§ **PROMPT**: Give the listing below again exactly, but without any of its pictures.

§ **DATA EXTRACT**:
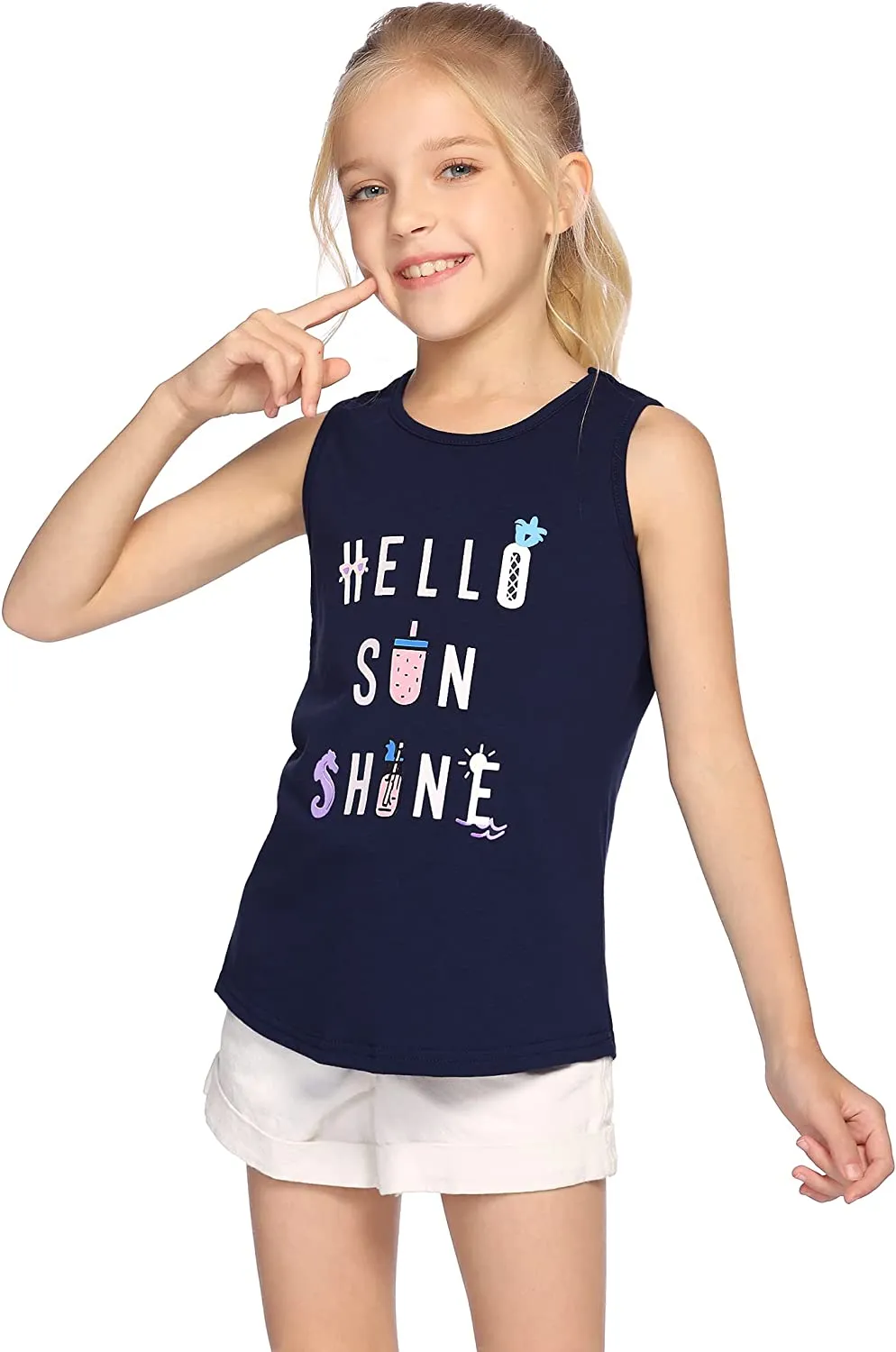 Size 12 - 13 Years "Hello Sun Shine" Trendy Summer Sleeveless Crewneck Tank Top
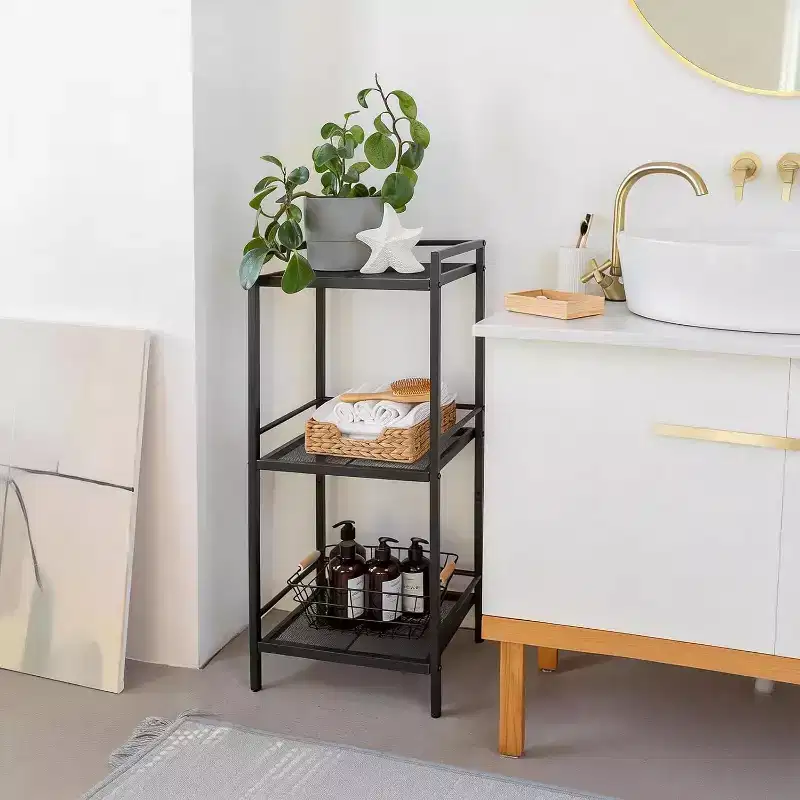 3/4-Tier Metal Standing Shelf Unit, Multifunctional Freestanding Storage Shelf, Space-Saving Organizer for Bathroom, Living Room, Bedroom, Kitchen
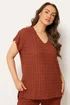 Yours Curve Rust Orange Bubble Textured T-Shirt - 22-24 Image 1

§ **TASK SOLUTION**:
 Size 12 - 13 Years "Hello Sun Shine" Trendy Summer Sleeveless Crewneck Tank Top
 3/4-Tier Metal Standing Shelf Unit, Multifunctional Freestanding Storage Shelf, Space-Saving Organizer for Bathroom, Living Room, Bedroom, Kitchen
 Yours Curve Rust Orange Bubble Textured T-Shirt - 22-24 Image 1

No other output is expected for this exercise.